=== Recorded information ===
=== Begin Enclosure ===
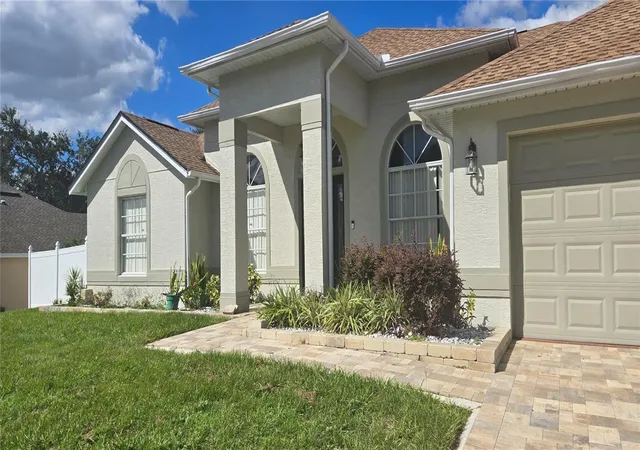 Photo 1 of Single family home for sale at 1527 High Grv Way, Orlando, FL 32818 | MLS# O6451828 | Listing updated on 2026-10-22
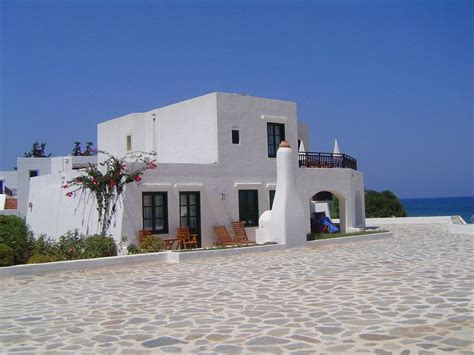 A Bungalow In Crete White Greek House Architectural House Plans
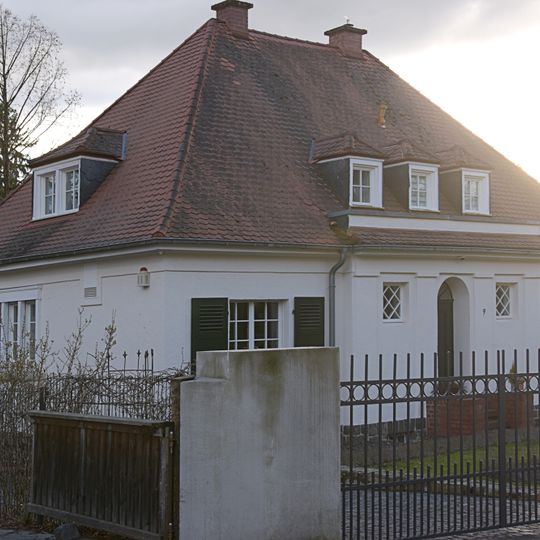 Friedrich-Ebert-Straße 9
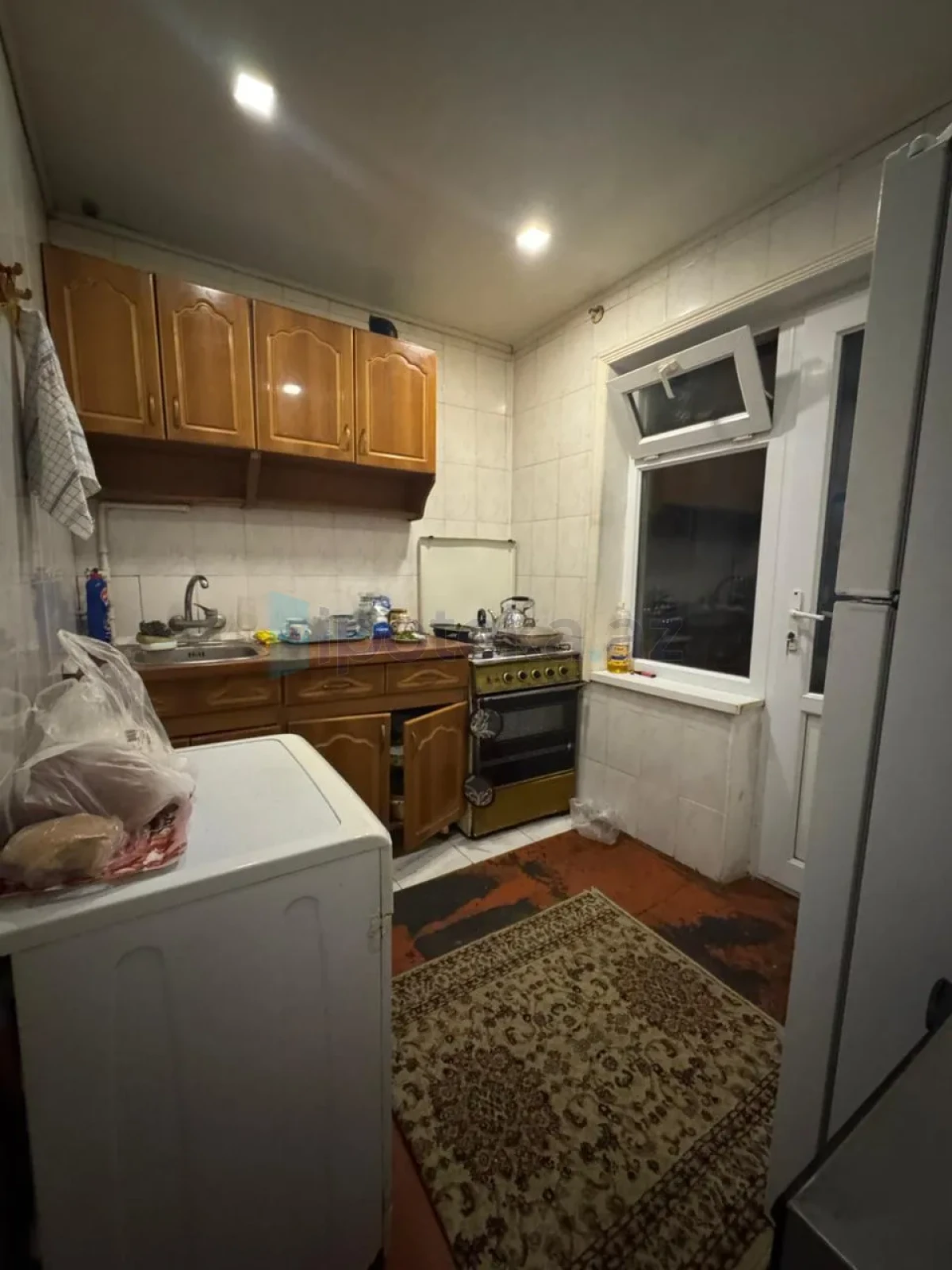 Satılır 3 otaqlı köhnə tikili 80 m²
=== End Enclosure ===
=== Aim of the exercise ===
For this exercise, restate the material exactly and skip every picture.

=== Answer for the task ===
 Photo 1 of Single family home for sale at 1527 High Grv Way, Orlando, FL 32818 | MLS# O6451828 | Listing updated on 2026-10-22
 A Bungalow In Crete White Greek House Architectural House Plans
 Friedrich-Ebert-Straße 9
 Satılır 3 otaqlı köhnə tikili 80 m²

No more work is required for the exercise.